▶ **Task prompt**
In the listing below, find the line with "28 Saddlebrook Gardens" and the line with "Sümenvadisi Zebra Luxury Desk Set", then return them and every line between them exactly, minus the pictures.

▶ **Data shown**
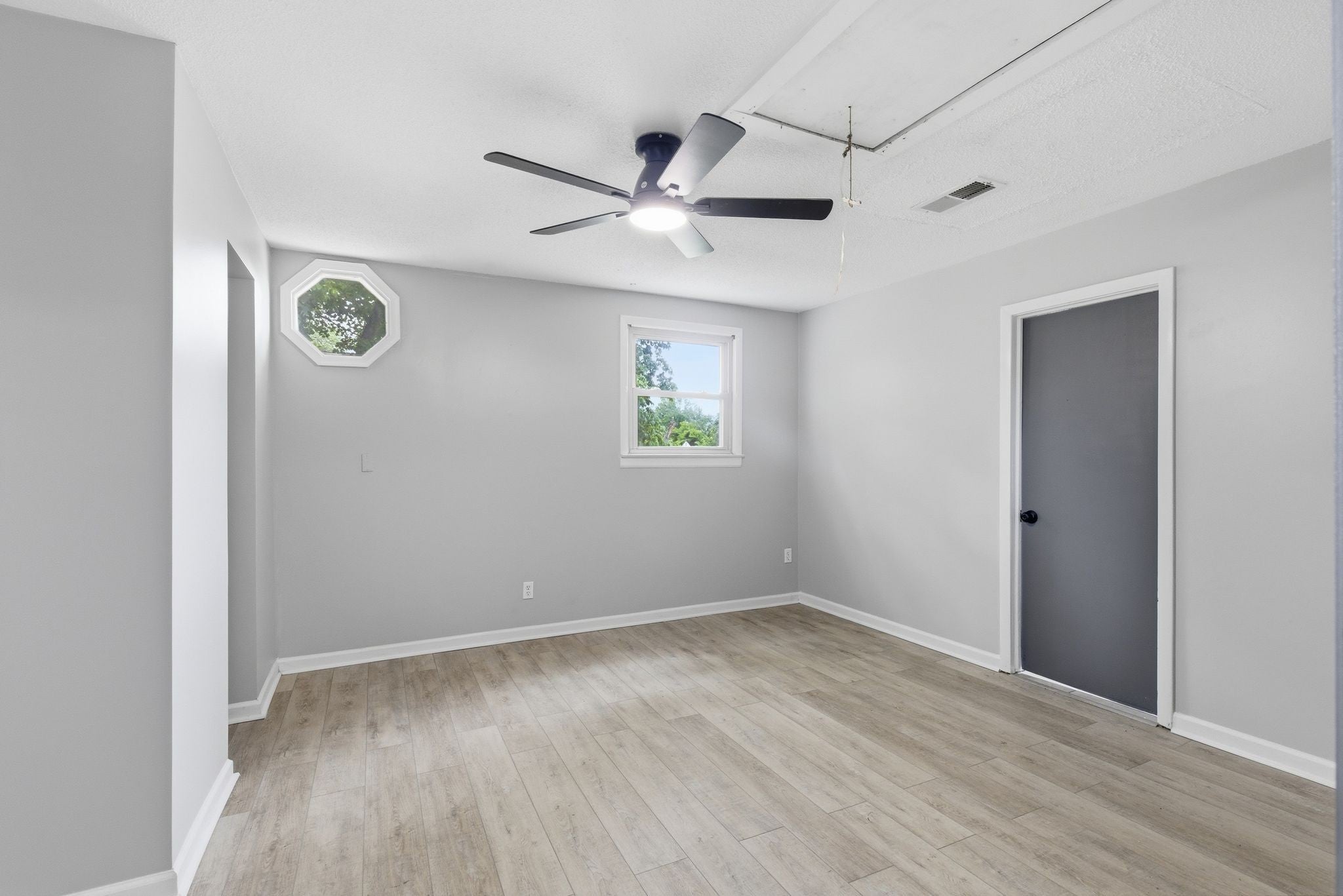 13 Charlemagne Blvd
==
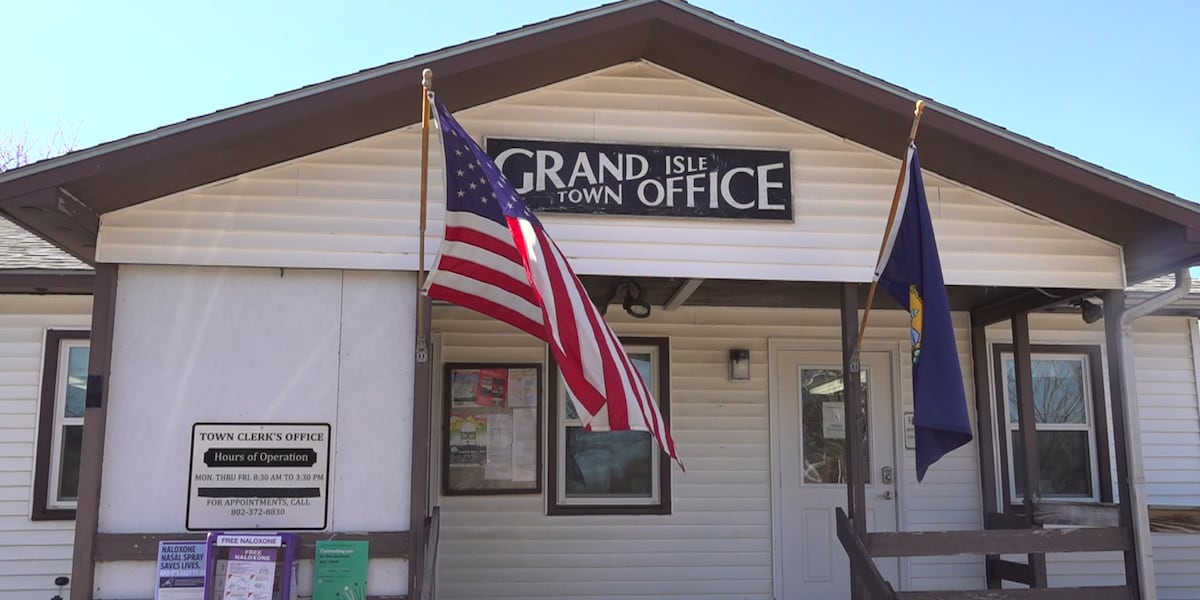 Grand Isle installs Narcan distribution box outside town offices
* * *
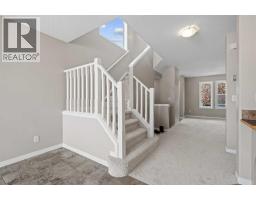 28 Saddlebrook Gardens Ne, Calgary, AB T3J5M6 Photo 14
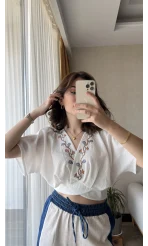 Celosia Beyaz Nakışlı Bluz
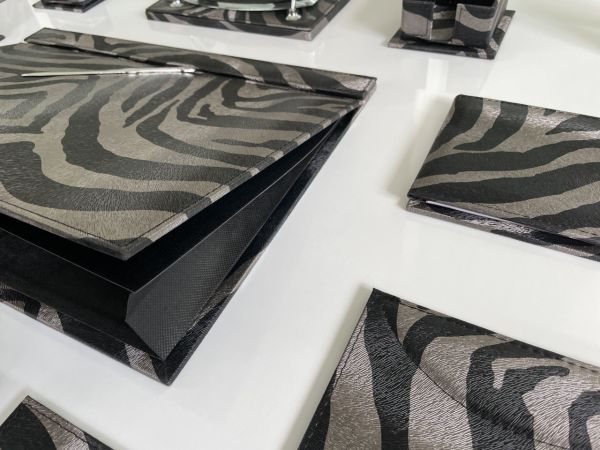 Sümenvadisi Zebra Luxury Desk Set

▶ **Response area**
 28 Saddlebrook Gardens Ne, Calgary, AB T3J5M6 Photo 14
 Celosia Beyaz Nakışlı Bluz
 Sümenvadisi Zebra Luxury Desk Set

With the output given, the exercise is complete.